> _THE DATA_:

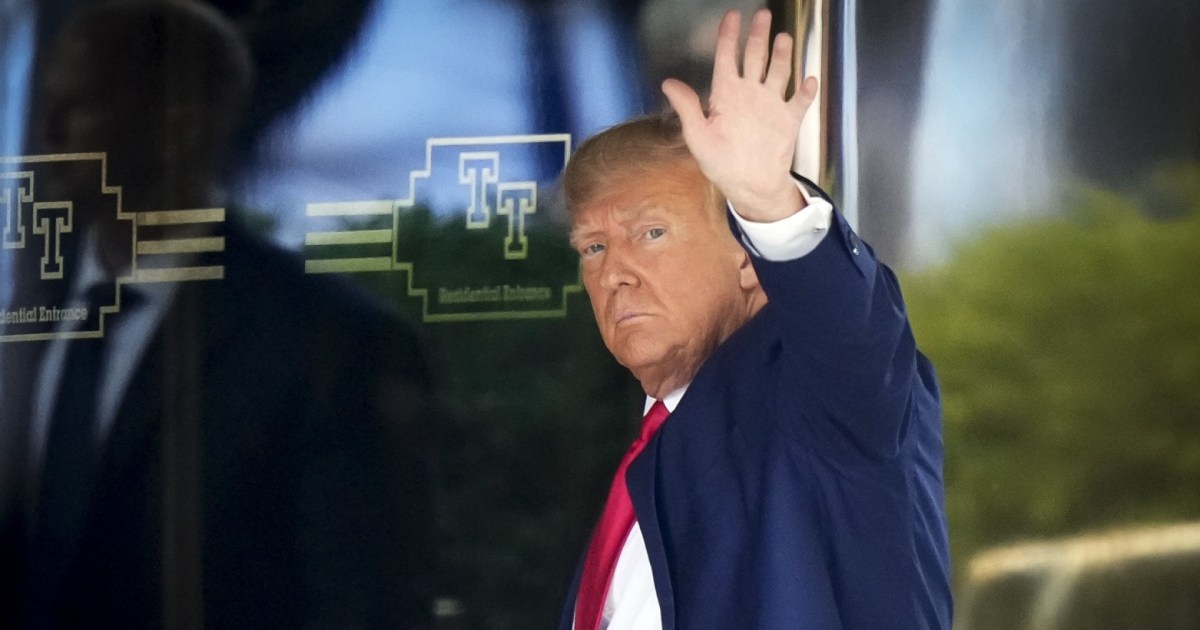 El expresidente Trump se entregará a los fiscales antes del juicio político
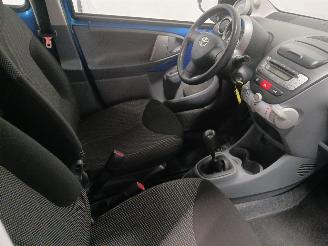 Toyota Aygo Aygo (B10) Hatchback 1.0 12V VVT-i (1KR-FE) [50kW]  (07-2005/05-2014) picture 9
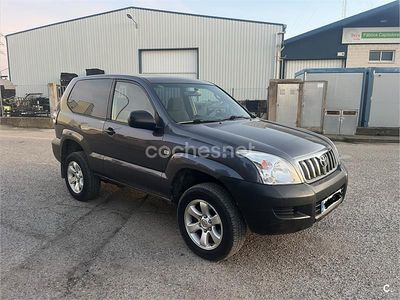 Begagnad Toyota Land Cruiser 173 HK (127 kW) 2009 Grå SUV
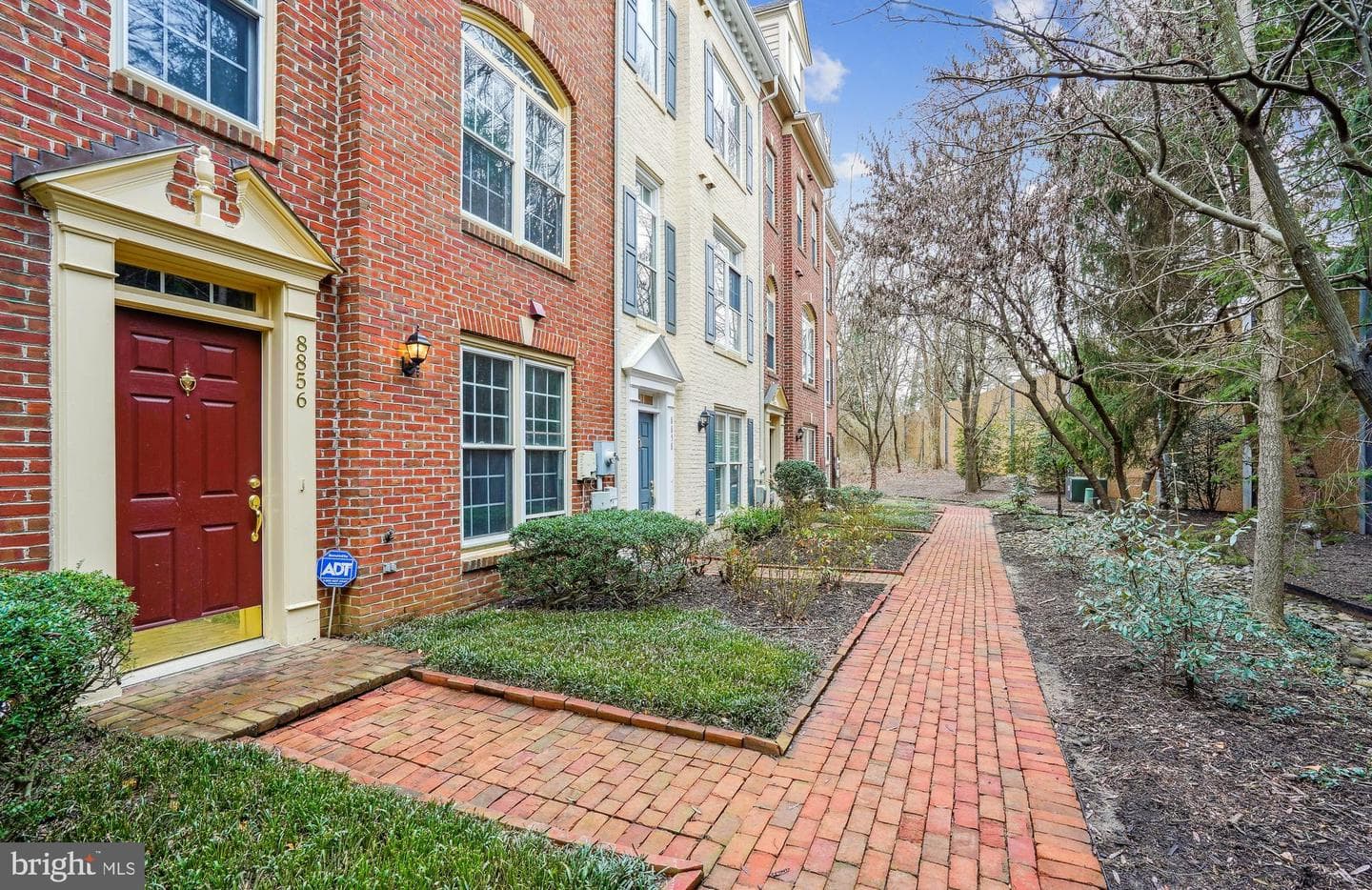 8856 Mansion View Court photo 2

> _WHAT THE EXERCISE ASKS_: Output all of the data exactly as it stands, minus any images.

> _YOUR SOLUTION_:
 El expresidente Trump se entregará a los fiscales antes del juicio político
 Toyota Aygo Aygo (B10) Hatchback 1.0 12V VVT-i (1KR-FE) [50kW]  (07-2005/05-2014) picture 9
 Begagnad Toyota Land Cruiser 173 HK (127 kW) 2009 Grå SUV
 8856 Mansion View Court photo 2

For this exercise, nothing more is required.